Wakil Ketua Komisi IX DPR RI, Charles Honoris. (Foto: Eot/Man).jpeg

KBRN, Jakarta: Wakil Ketua Komisi IX DPR Charles Honoris mengatakan, Indonesia saat ini masih berjuang melawan pandemi COVID-19.

Hal itu disampaikan Charles dalam pelatihan asisten tenaga kesehatan (nakes) yang digelar oleh DPP PDI Perjuangan (PDIP) dari Gedung Sekolah Partai di Jalan Lenteng Agung, Jakarta Selatan, Senin (2/8/2021).

“Negara kita saat ini menjadi peringkat ke-14 di dunia untuk jumlah korban yang meninggal, hingga mencapai 94 ribuan,” katanya.

Charles menyampaikan, COVID-19 membutuhkan inang untuk bisa hidup, dan manusia menjadi inang yang efektif. Menurut Charles, semakin tinggi intensitas pergerakan manusia, maka semakin cepat juga virus itu bergerak.

"Maka membatasi mobilitas masyarakat jadi penting untuk mengatasi virusnya. Saat ini Pemerintah menerapkan PPKM dengan level, ini langkah tepat, sehingga pembatasan ditetapkan berdasarkan indikator penularan, perawatan dan positivity rate," ujarnya.

Charles mengungkapkan bahwa pihaknya juga mengevaluasi pembatasan mobilitas yang sudah dilaksanakan pemerintah. Walau saat ini angka perawatan cenderung menurun di Jawa-Bali, namun harus diantisipasi kenaikan untuk luar Jawa-Bali.

Yang dikhawatirkan, lanjut Charles, adalah kapasitas dan fasilitas kesehatan di Pulau Jawa-Bali belum setara dengan yang di daerah luarnya.

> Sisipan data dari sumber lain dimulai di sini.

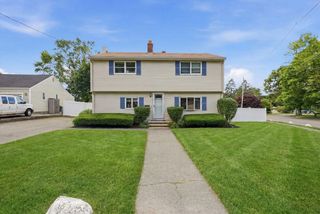 31 Herrick Rd, Peabody, MA 01960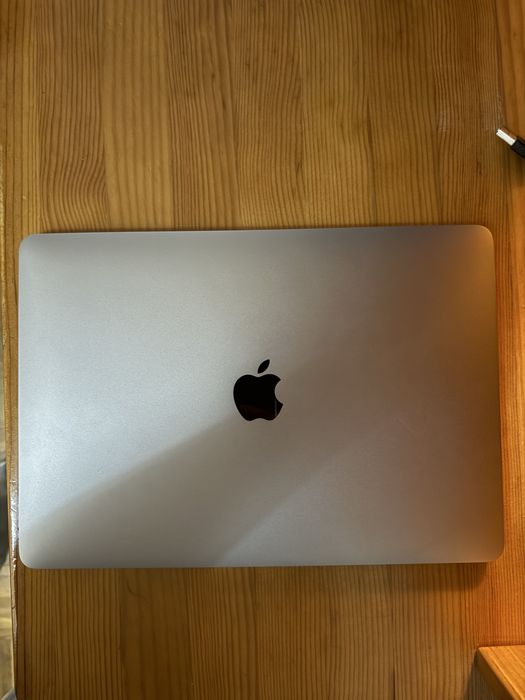 MacBook Air M1 13” (Space Grey)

"Lalu kita perlu perhatikan angka kematian yang masih di atas 1.300 per hari, yang artinya masih tertinggi," ungkapnya.

Charles mengatakan, pihaknya mengapresiasi Pemerintah yang membuat berbagai terobosan penting. Misalnya, untuk memastikan akses masyarakat ke obat-obatan, dilakukan pembagian gratis paket obat COVID-19 untuk yang bergejala ringan dan Orang Tanpa Gejala (OTG), lalu program telemedicine, sehingga pasien isolasi mandiri bisa berkonsultasi dan dipastikan dalam kondisi penyembuhan.

"Pandemi ini tak bisa segera selesai. Maka pemerintah harus bekerja keras untuk meningkatkan kemampuan dalam menyediakan oksigen, obat-obatan hingga meningkatkan fasilitas kesehatan yang ada," katanya.